- WHAT YOU SHOULD DO
Could you output exactly the lines running from the one containing "living area featuring" to the final line of the listing below, leaving out pictures?

- EXERCISE DATA
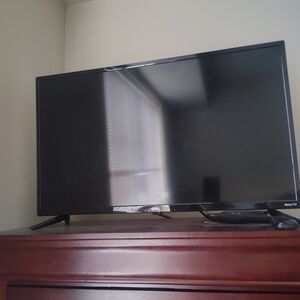 On Running Black Flat-Screen TV with Stand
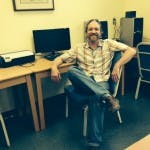 May contain: furniture, table, clothing, pants, desk, person, sitting, computer, electronics, adult, male, man, chair, face, head, photography, portrait, computer hardware, hardware, monitor, and screen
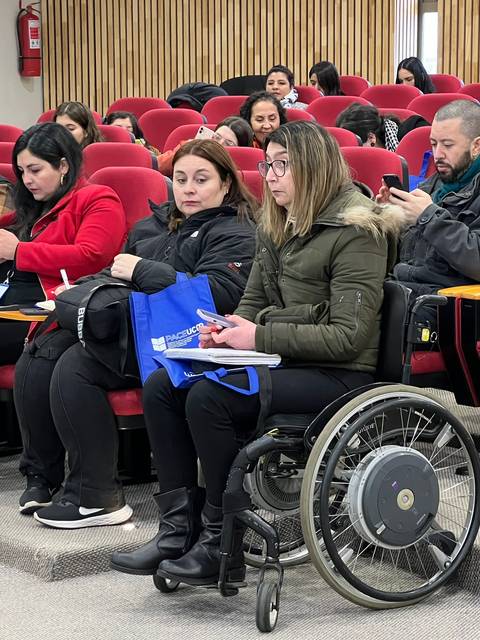Un grupo de personas sentadas en un auditorio, prestando atención a sus dispositivos móviles.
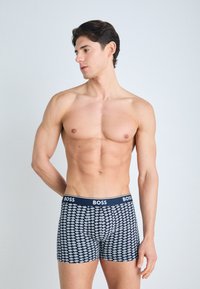 Navy boxer briefs with white repeating logo pattern, elastic waistband with "BOSS" branding, fitted design, and smooth cotton texture.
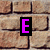 Brick wall background with scattered colored letters and numbers in black-outlined blocks.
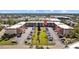 A three-story condominium community with well-maintained landscaping and ample parking at 4126 Heron Way # B113, Bradenton, FL 34205
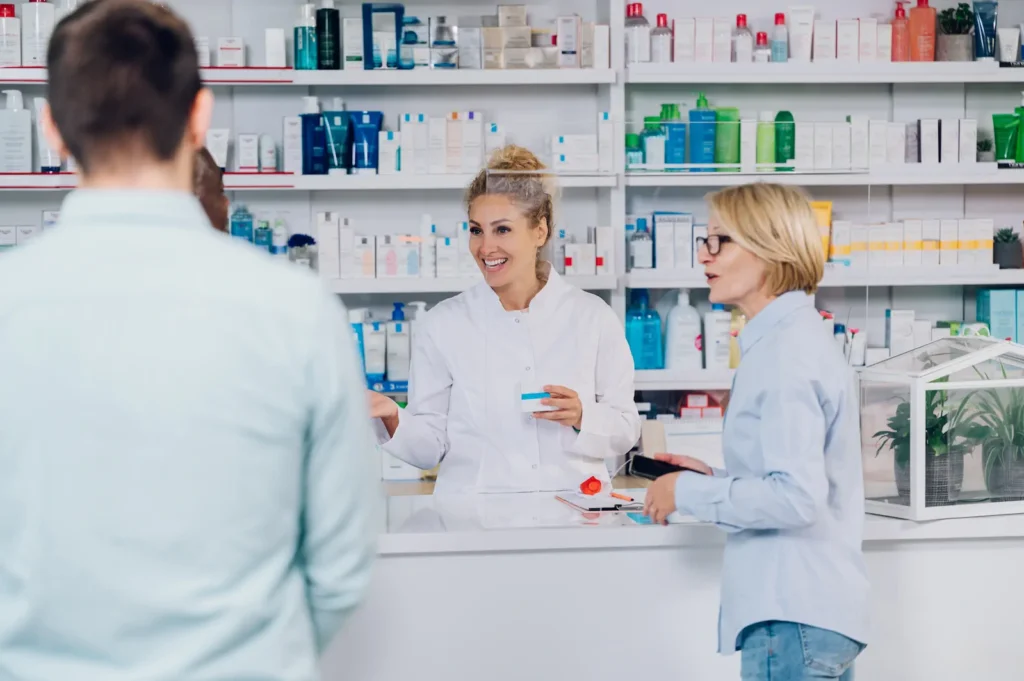Pharmacist assisting customers at pharmacy counter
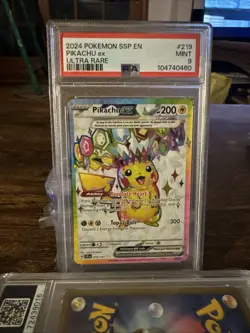 Pokemon TCG Pikachu EX Sv08: Surging Sparks Ultra Rare Card 219/191 PSA 9 - Image 1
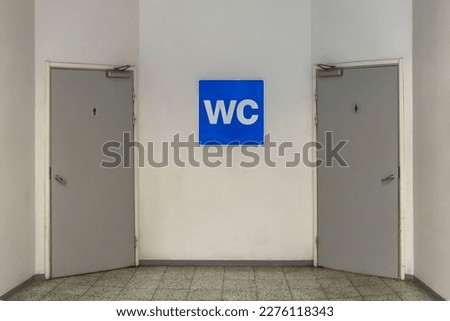 Blue WC sign on the white wall with two toilet doors on each side Royalty-Free Stock Photo #2276118343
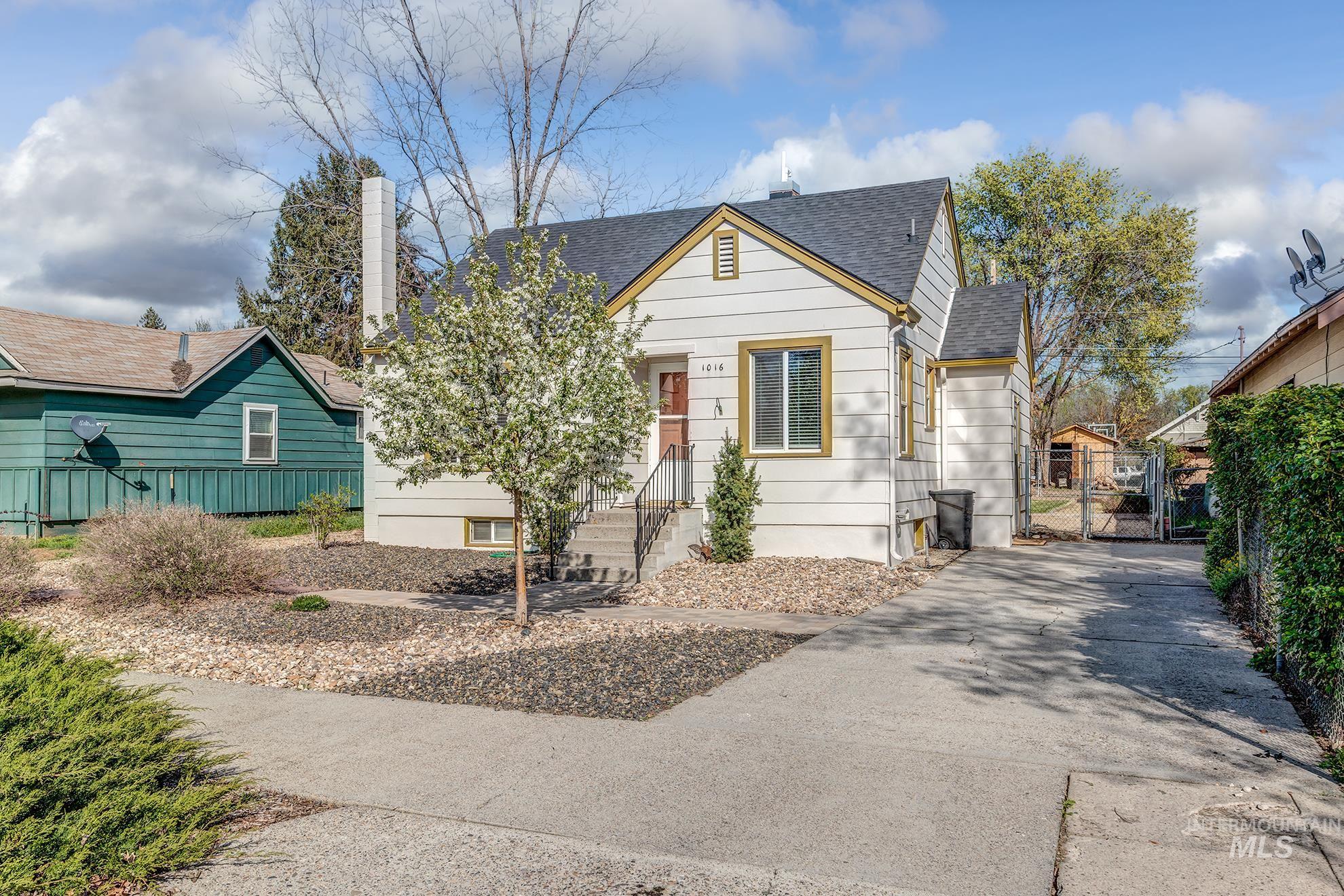 1016 West 5th Street Weiser, ID 83672 - Photo 34 of 36 Bungalow featuring a shingled roof, a gate, a chimney, and driveway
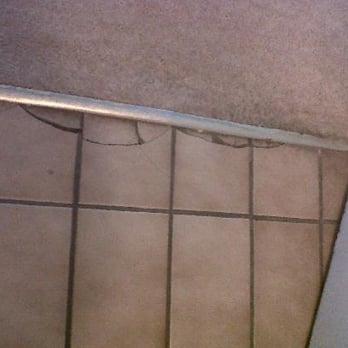 The Busby Hotel - Broken bathroom floor - Hotels Near Me - Glasgow, GLG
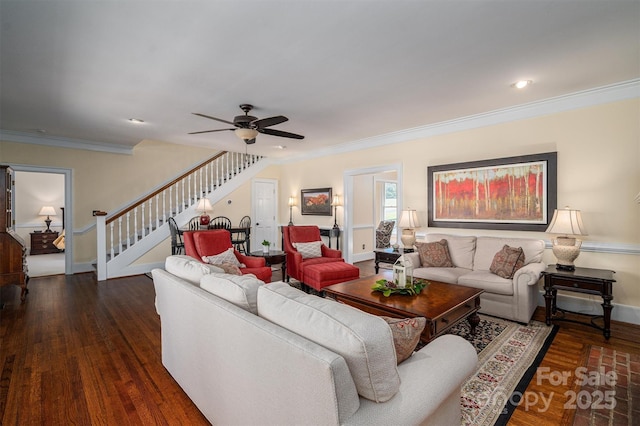 living area featuring baseboards, stairway, wood finished floors, and ornamental molding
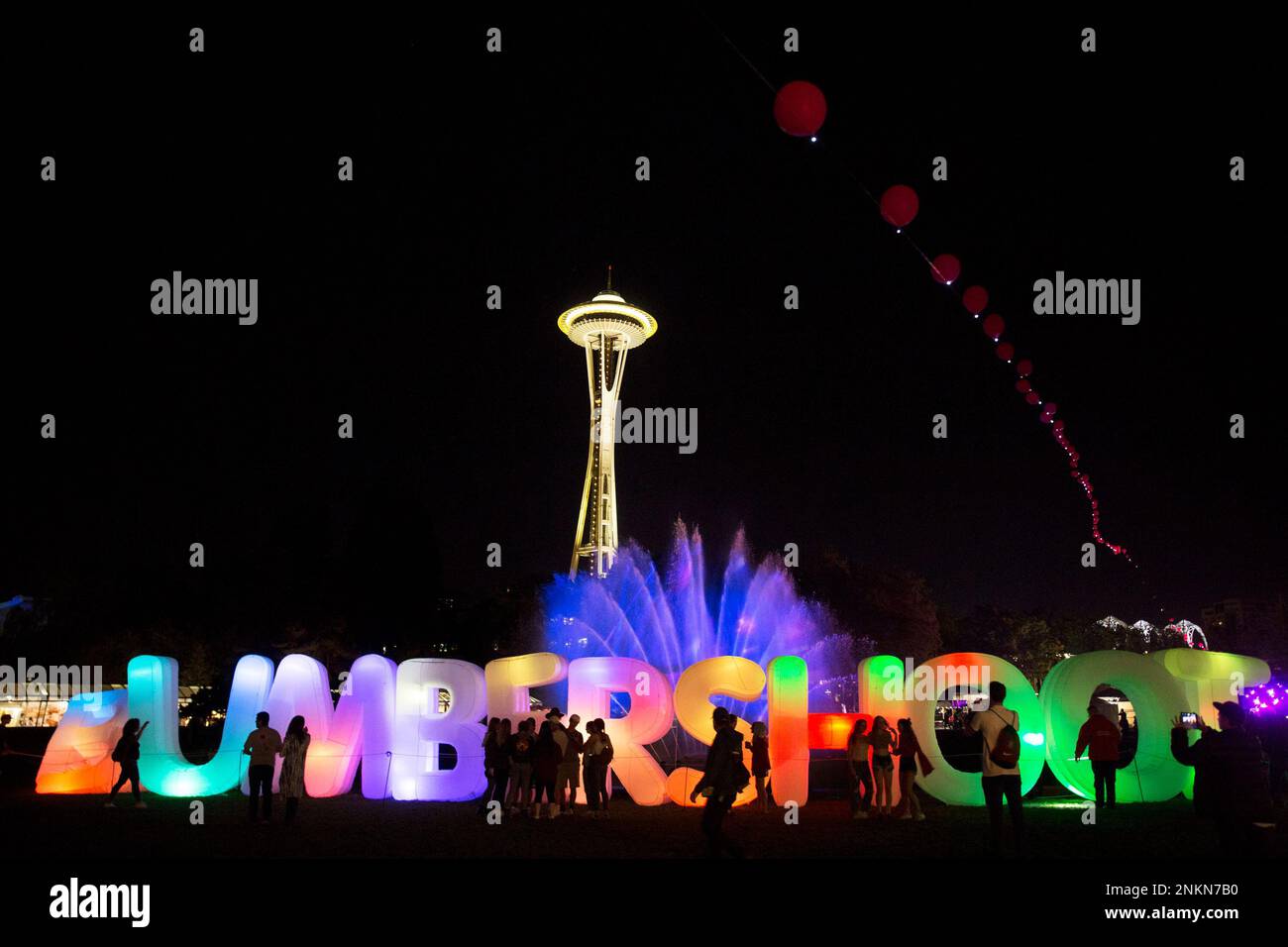 Inflated letters spelling Bumbershoot are illuminated on night two of
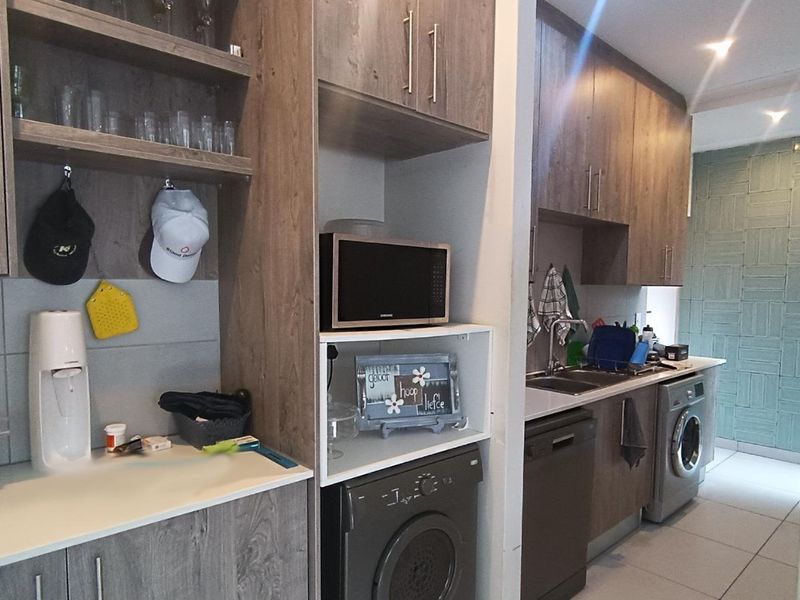 A functional scullery area featuring wood-look cabinetry, integrated appliance spaces, stainless steel sink, and tiled finishes, providing additional utility and storage space.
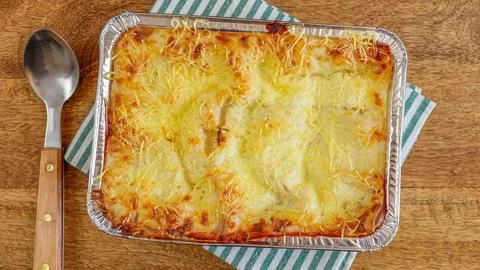 Dish of lasagna, close-up, on a table Foto stock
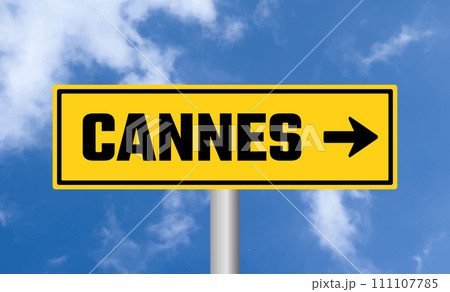 Cannes road sign on sky background 111107785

- RESULT OF THE EXERCISE
 living area featuring baseboards, stairway, wood finished floors, and ornamental molding
 Inflated letters spelling Bumbershoot are illuminated on night two of
 A functional scullery area featuring wood-look cabinetry, integrated appliance spaces, stainless steel sink, and tiled finishes, providing additional utility and storage space.
 Dish of lasagna, close-up, on a table Foto stock
 Cannes road sign on sky background 111107785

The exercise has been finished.